I am currently playing through the original Zelda 1 on the Nintendo entertainment system. An adventure game named after Zelda Fitzgerald a novelist from the 1920s who also has a charming little bio-mini-series about her life that you should check out on amazon prime - if you are into that service. As you may know I am into a tonne of retro stuff because new stuff fades away before you even finish paying for it. Anyway so I started playing Zelda, not sure what prompted it initially must be not being able to play BOTW or my own general idleness.

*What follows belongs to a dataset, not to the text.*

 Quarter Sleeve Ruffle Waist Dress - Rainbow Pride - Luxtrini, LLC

Its a great game so far. I am surprised how many things in the Zelda series of games originated from this initial game. Zelda: link to the Past is one of the first games that I ever completed and loved. I have played many of the other 3d Zelda games over the years but failed to get into Zelda 1 because it has a rough start. It throws you into a open world, weak and no apparent direction. I currently have 9 hearts and I am at the sixth dungeon and I still do not know which direction is up but everything is awesome.
I have tried playing this game before but never got into it because it starts out really slow and the player is very weak. Luckily this time I pushed through it to find a lovely little game under the surface. I could only dream of coming up with a game so simple yet so deep in this day an age of cover shooters and movie games. Once I got over the initial emptiness the game opens up to the point where some sections feel almost as if they are procedurally generated.

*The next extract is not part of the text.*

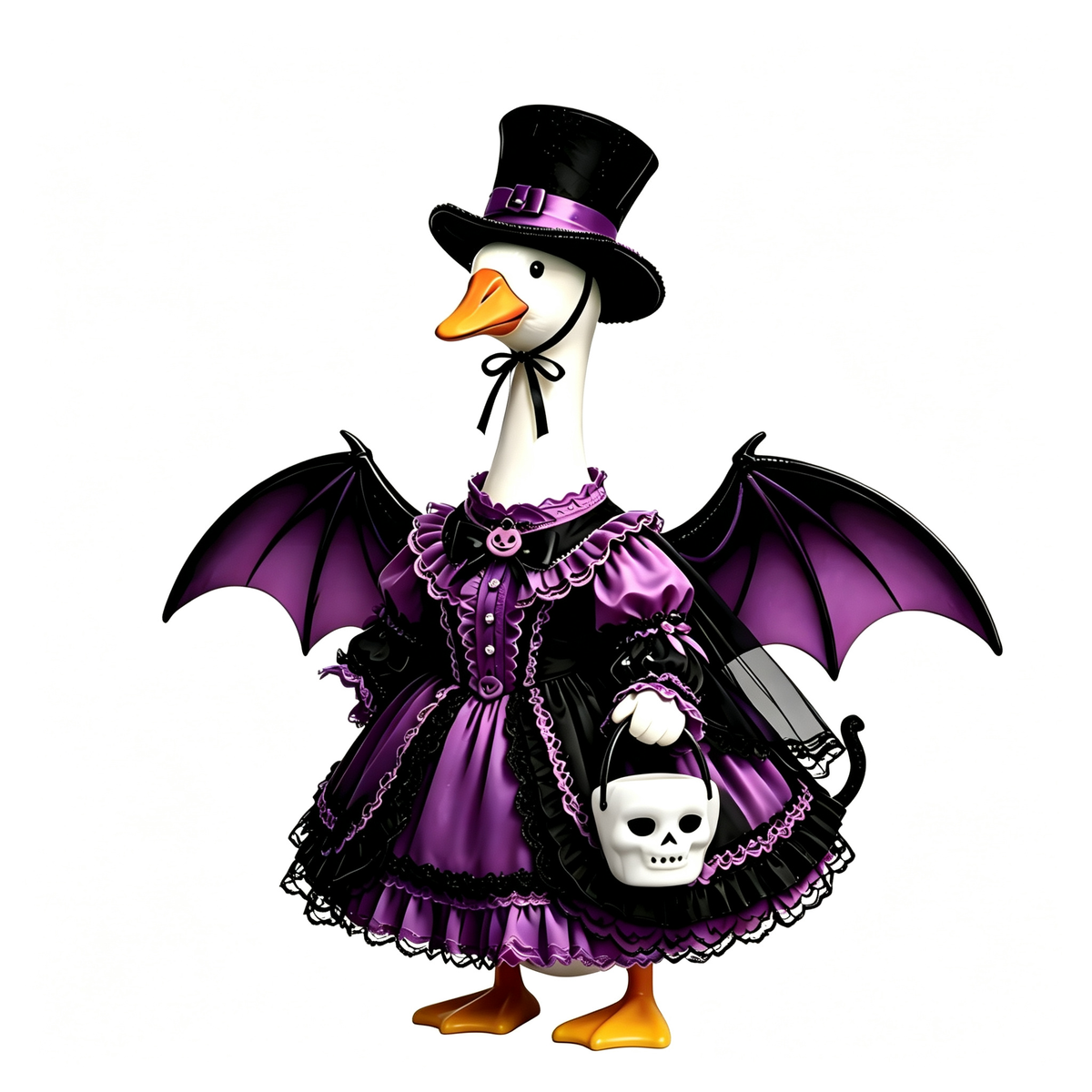 Dark Gothic Lolita‑Style Goose Costume Outfit for 23 Inch Lawn Goose Statue, Spooky Attire with Bat Wings & Top Hat, Whimsical Moody Porch Yard Display Decor, Goose Statue NOT Included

As of this writing I have been playing it for 3 weeks or so. I am slowly making my way through the game 1 boss at a time - savoring every moment because I know these old games are not very long.

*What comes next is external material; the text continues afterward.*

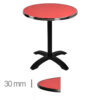 Horeca-Terrastafel-Opklapbaar-Rond-Met-Chroom-Rand-Werzalit-Rood-70-Cm-A-Srd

I also have God of war 1, Persona4 and Metal Gear Solid 3 waiting on me but I am not in a rush to get back into those games at the moment. Maybe that was the reason I took up this game at this point in time - I may never know. GOW1 is a boring trek through pointless set pieces, Persona4 is interesting but very long and MGS3 is a movie with bad controls. I will dust off the playstation 2 as soon as I finish with zelda.
I finally finished the last license test in GT4 on the playstation 2. It only took me 4 years of on-and-off playing to get it done. It was truly a dawning task most likely because I am not very good at the game. There is alot to do in the game. Driving the Nuremberg Ring in a sub 7 minute run without running off the road at all is a test of patience and memorization.
Gran Turismo 4 was released in 2004 and I am just now finishing it in 2017 but at least I don't have to deal with loot boxes and updates like the games that are being released nowadays.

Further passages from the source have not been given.